[SUPPLIED DATA — start]
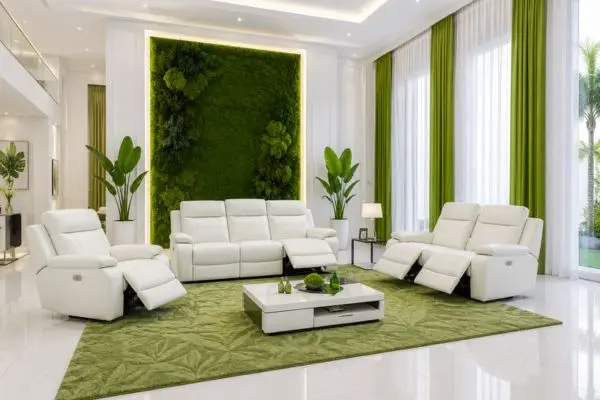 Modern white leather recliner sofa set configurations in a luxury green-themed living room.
[SUPPLIED DATA — finish]
[SUPPLIED DATA — start]
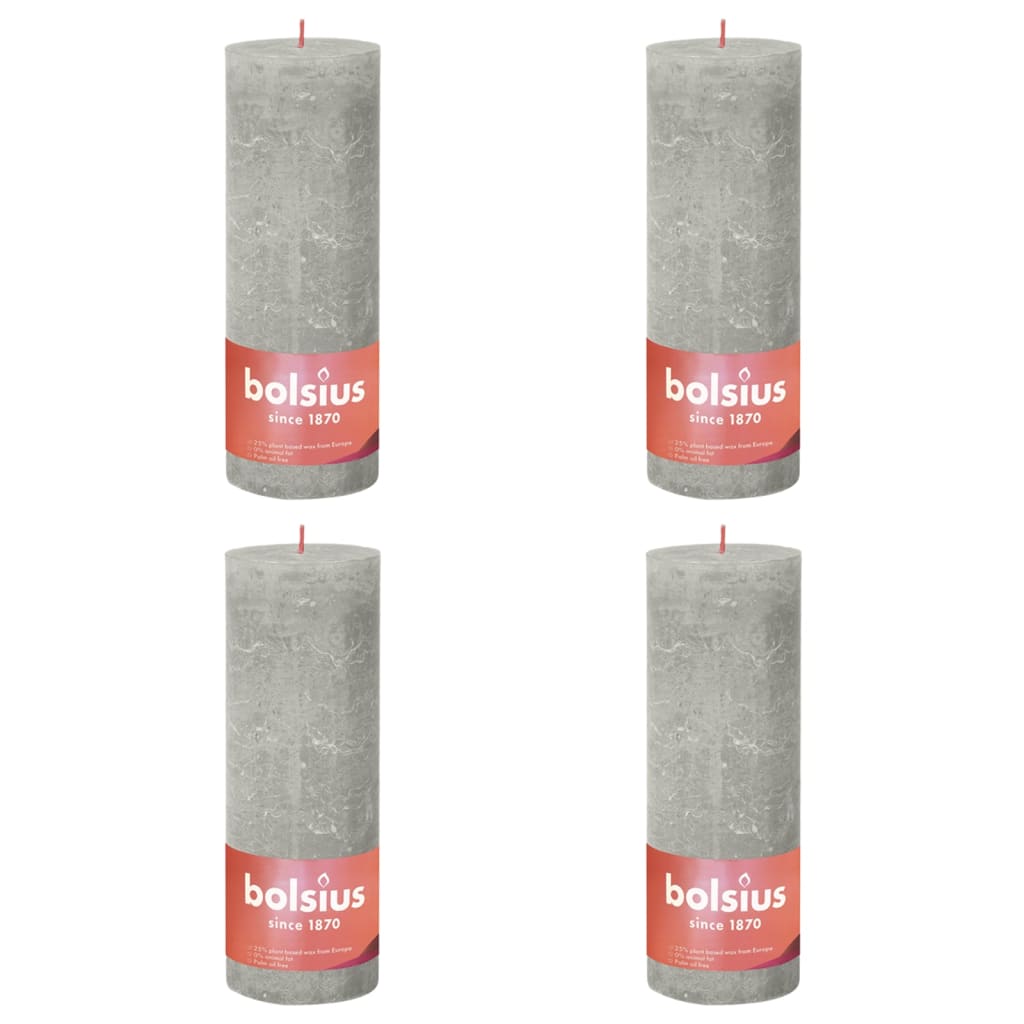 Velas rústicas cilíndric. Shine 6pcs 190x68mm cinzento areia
[SUPPLIED DATA — finish]
[SUPPLIED DATA — start]
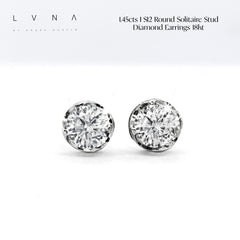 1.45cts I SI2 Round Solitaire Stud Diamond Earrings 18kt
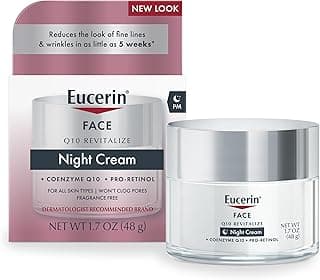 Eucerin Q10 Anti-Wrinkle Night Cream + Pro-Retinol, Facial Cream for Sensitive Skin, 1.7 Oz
[SUPPLIED DATA — finish]
__WORK REQUEST__. Above are some entries. Restate word for word the lines from the one holding "1.45cts I SI2" through the one holding "Eucerin Q10 Anti-Wrinkle", but not the pictures.

__ANSWER FOR THE TASK__.
 1.45cts I SI2 Round Solitaire Stud Diamond Earrings 18kt
 Eucerin Q10 Anti-Wrinkle Night Cream + Pro-Retinol, Facial Cream for Sensitive Skin, 1.7 Oz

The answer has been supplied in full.